Yep, I use this all the time to figure out which SVN commit introduced a bug (run the last deployed version and verify it didn't have the bug, then binary search the commits in-between that and HEAD until I figure out which one caused it).


I recently learned about git bisect. Very useful!


git bisect is cool, but this also works with like electronic circuits, AV signal chains, etc...


Have a look at interpolation search.

The complexity is O(log log n), under the assumption of a uniform distribution of the data.

https://en.wikipedia.org/wiki/Interpolation_search


I've used it as a very simple equation solver in a pinch. Yes, it's a very naive approach for most equations, but getting started solving it satisfactory with a solution given is very welcome.


...wait, how? I’ve never heard of a use like this.


If f is monotonic and continuous, you can solve f(x) = y for x by successively narrowing an interval [a, b] where f(a) <= y <= f(b) (or vice versa for decreasing functions). In the case that the range of f spans the entire real numbers, the initial range can be determined as the smallest range [-2^k, 2^k] where k is an integer (a strategy often used for open-ended binary search).


Interestingly, with floats you can also binary search on the binary representation. That narrows down the answer to the most precise answer representable in floating point in at most 64 steps for 64 bit floats. If you bisect the interval in the middle at each step, then it could take more steps (possibly more than 1000).

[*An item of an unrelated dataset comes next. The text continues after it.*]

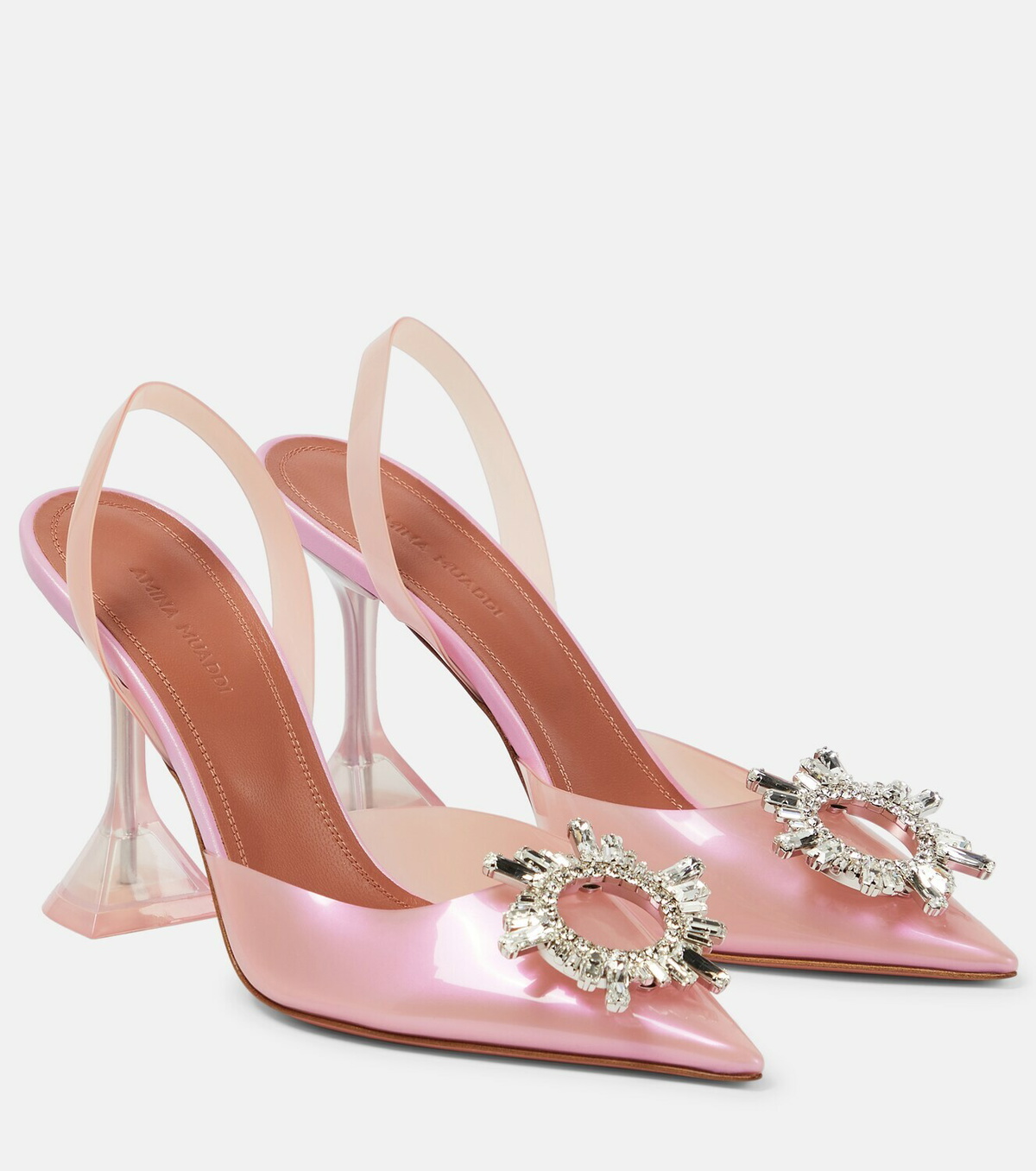 Amina Muaddi - Begum embellished slingback pumps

It turns out that doing this is pretty much equivalent to what you suggest, if you narrow down the initial range [-2^k, 2^k] by binary searching on k, because that's just binary searching on the exponent in the binary representation.


Interesting! I didn't really think about this but this is how I implemented sqrt() and division in an interview. Didn't think of how it generalizes!


Isn't this bit:

const mid = Math.floor((right + left) / 2);

susceptible to overflow?

EDIT: Hm, perhaps not (in JS). Number.MAX_SAFE_INTEGER is much greater than I expected.

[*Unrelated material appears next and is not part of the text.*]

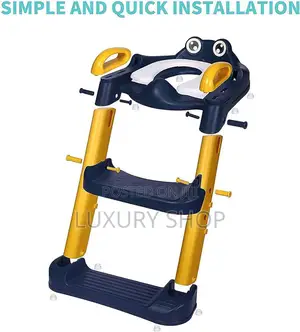 Potty Training Seat With Ladder
መቀመጫው ስፖንጅ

Indeed, Java's binary search had this bug for a while! It was found through automatic verification, by the way.

https://ai.googleblog.com/2006/06/extra-extra-read-all-about...


also some CS books


Incidentally, as outlined in this Julia FAQ, native machine arithmetic with overflow will deal with this correctly.

    mid = (lo + hi) >>> 1
https://docs.julialang.org/en/v1/manual/faq/index.html#Why-d...

EDIT: legibility


Thank you, fixed it!

const mid = Math.floor(left + (right - left) / 2);

https://stackoverflow.com/q/27167943


Not in Javascript, where everything is a double precision float. You would lose precision at about 2^51, but that’s not a limit that will meaningfully affect us for good while.


Oh really? And what if you aren't storing the data? You just want to find such n, that f(n) >= m and f(n+1) < m. Now perhaps it might become an issue.